There are two types of people in this world. A normal music fan would look upto his music and expect to find something that soothes him and relaxes him. Then there is the other kind that look upto their music and expect something powerful and ferocious, something that takes him on a dark and wild ride. Black metal is a genre that often caters to the second category and this is a band that should satisfy anyone looking for a vicious force to impact him. Sammath has been an underground powerhouse since the dawn of the genre itself and though it hasnt gotten the same amount of recognition as it’s Norwegian and Swedish peers, this band has been putting out raw and insanity filled black metal over the past 20 years.
Treble high guitars tone of Jan Kruitwagen sounds apt for the music as he makes the rapid tremolo picking a main part of his guitar playing. The music is devoid of any melody and an apt description of the song writing would be that it sounds absolutely savage and unholy. Jan’s shrieks are of the classic black metal variety that sends a chill down the spine of the listener.
The drumming of Koos Bos has both the required speed and technicality to keep things from getting too monotonous. The bass of Ruud Nillesen follows the drums and I feel he could have been made a tad bit more audible. The atmosphere of darkness that envelopes the music, invokes a very evil feel. The song lengths are kept at a level where the tracks don’t overstay their welcome.
Having said all that, I must also say that there is nothing in the album in terms of innovation. The album will remind the listener of all that was dark and gruesome in the second wave of the genre. It is an album that transports its audience to the dark cold winters of the early 90s. But if you are looking for something absolutely new, then this is not the album for you. It carries more of a nostalgia factor than it does of innovation.
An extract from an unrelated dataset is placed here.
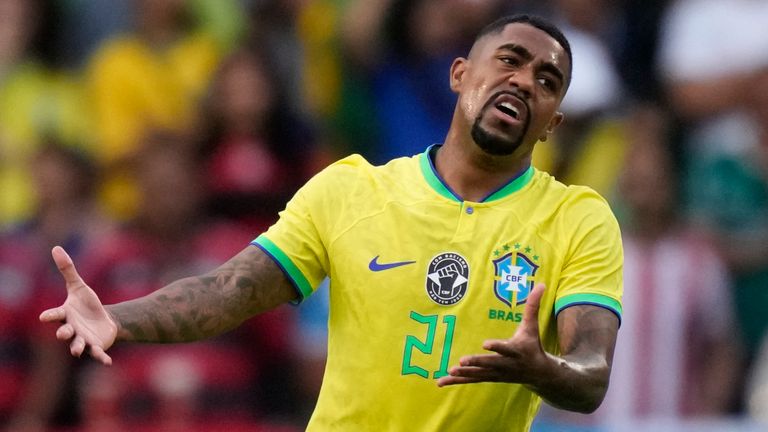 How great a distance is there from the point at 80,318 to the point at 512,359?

This is quite understandable though, considering the band was formed in 1994.
The raw production values are something that contribute to this second wave feeling and any other form of production would have killed it. The chilling atmosphere and raw tremolos blend in well with one another.
‘Godless Arrogance’ is like a trip back to the roots of the genre, something which is not seen often these days. Filled with 8 tracks of barbaric rabidity, it should come as a delight to any fan of the original incarnation of the genre.